Scratch Hop Devil Sean, the New York City Regional Sales Manager (don't worry, he wasn't a suit and was very well versed on everything Victory Beer related) bought us a round of CBC Hollertaur - Belgian single hop.  CBC stands for the Craft Brewers Conference and is a series of beers that Victory brews.  They brew many different styles for the CBC series, most of which you can only get at the brewery.  Those of us at the Blind Tiger for the event however were lucky enough to score some of the CBC brews.

CBC Hollertauer

CBC Hollertauer is a Belgian Pale Ale.   It pours a nice golden color, which a good sized head.  The smell of bread and spicy noble hops greats me as I go for the first sip.  Very easily drinkable, approaching a medium body, the yeast flavor gives it a mellow Belgian underpinning but, like this beer is supposed to do, it completely showcases the hops. It is single hopped, of the Hallertau variety I believe.  Very herbal and satisfying. Easily drinkable with that good fruit/bready presence. Truly showcases Victory's range in the craft beer world in which they are already legends.

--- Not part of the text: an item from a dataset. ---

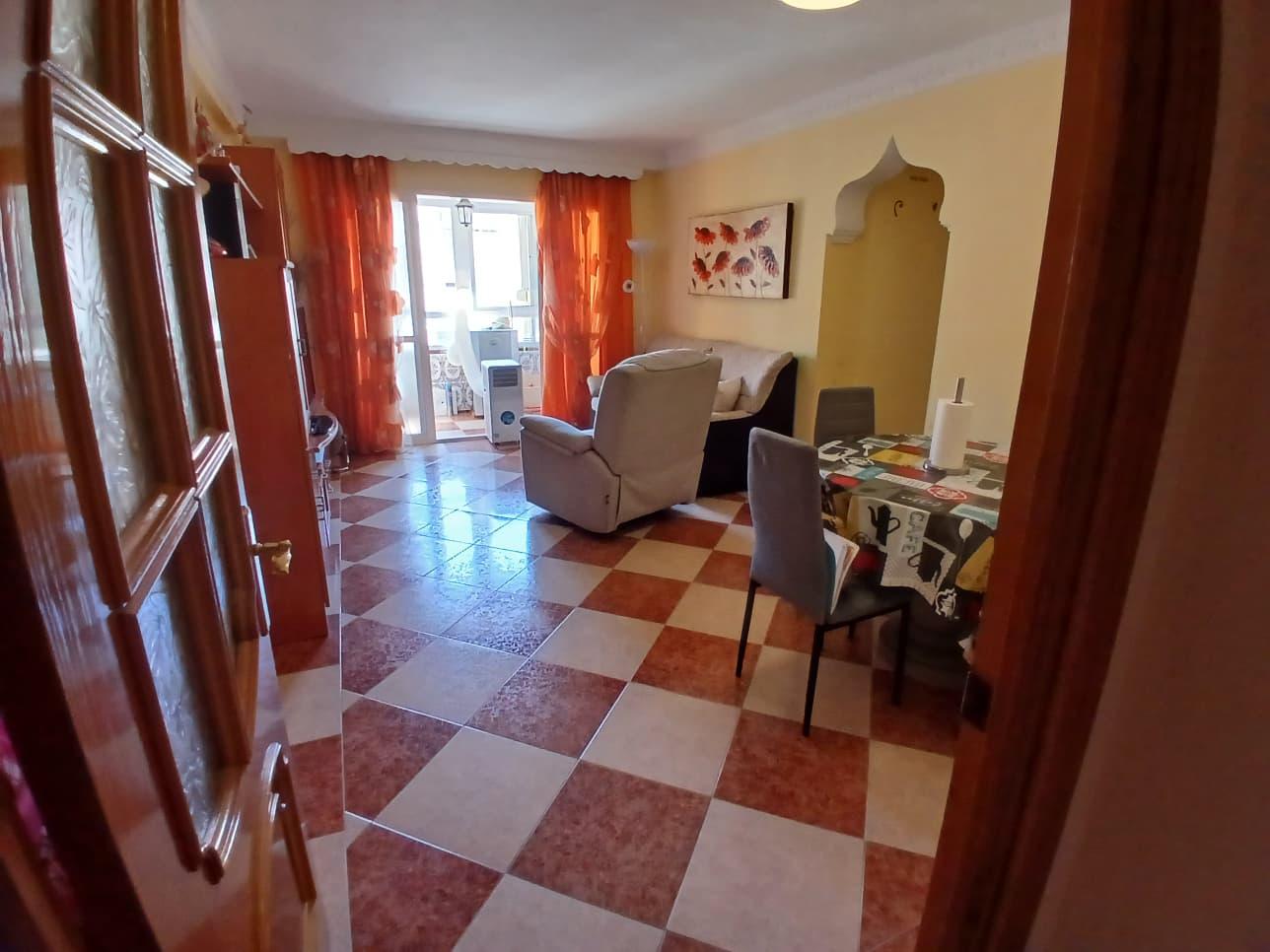 Venta de piso en Estepona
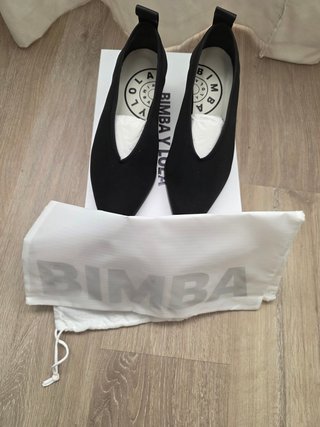 Zapatos kitten Bimba y Lola tacón negro elegantes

After the Hollertaur, I had to move on to the CBC Hollerdauer - a Bavarian Pale Ale.

It pours with a similar golden color to the Holletauer, slightly more on the copper side.  The smell is more of a weiss, with a similar bready smell that is complimented by a slightly caramel malty presence.  The brew approaches medium body but even though it is hopped with, I believe, 5 different hop varieties it comes off as less herbal and spicy that fades quickly leaving a very present weiss taste. It takes away from the 5 hop variety and lends to a much smoother finish.

Hop Devil

After having those Belgian brews that are showcasing the hops you are a bit let down with the Hop Devil. The beer is copper in color and smells of dominant bitter hops.  There is a strong bitter hop there and the malts are present but in comparison it is so easy drinkable.  I have had it many times before and very much respect it as a beer, but it comes off as being more of a strong bitter hop, rather than the herbal showcasing of the Belgian and Bavarian Pale Ales I had previously.  Still a great IPA and is a readily available Victory product here in NYC.

Old Horizontal Barleywine

To finish the night I went with the Old Horizontal Barleywine.  It's exactly as I remember it.  Darker copper/reddish in color and smelling of a strong alcohol burn that is almost perfectly complimented by that malts.  The taste is strong and bitter, there is a sweetness that runs side-by-side from start-to-finish with a strong alcohol burn.  It definitely leaves a warm feeling inside, that maybe was too warm for the temperature of a hot NYC summer night, but it left a nice haze perfect for the end of the night.  Have one of these and then have a cab driver get you home.  Which I did!

Paul's Beers:

Victory Helios - Saisons is a style I'm not incredibly familiar with but I generally like them. This one is a good ale. Smooth start that rolls over sweet and leaves with a taste you'd expect from a saison. This was one of the first Saison's I ever had. This is what I am expecting when I order a Saison.

Victory Scarlet Fire - what a delicious Rauchbier. This is another style that is new to me, but a lot of my friends like to call rauchbiers  "bacon" beers, but this is a different type of pork.  This is ribs, delicious smoky  ribs...

Victory Grassy Jack Bitter- very tasty beer. Its hoppy, but not overly hopped. The flavor is good and strong.  Its a beverage that I would like to have after work. Strong enough to let me know the day is over and shows me the gateway to the night.

Thanks Victory and Blind Tiger for a great event!  We hope to see Victory being showcased in the city soon and more often!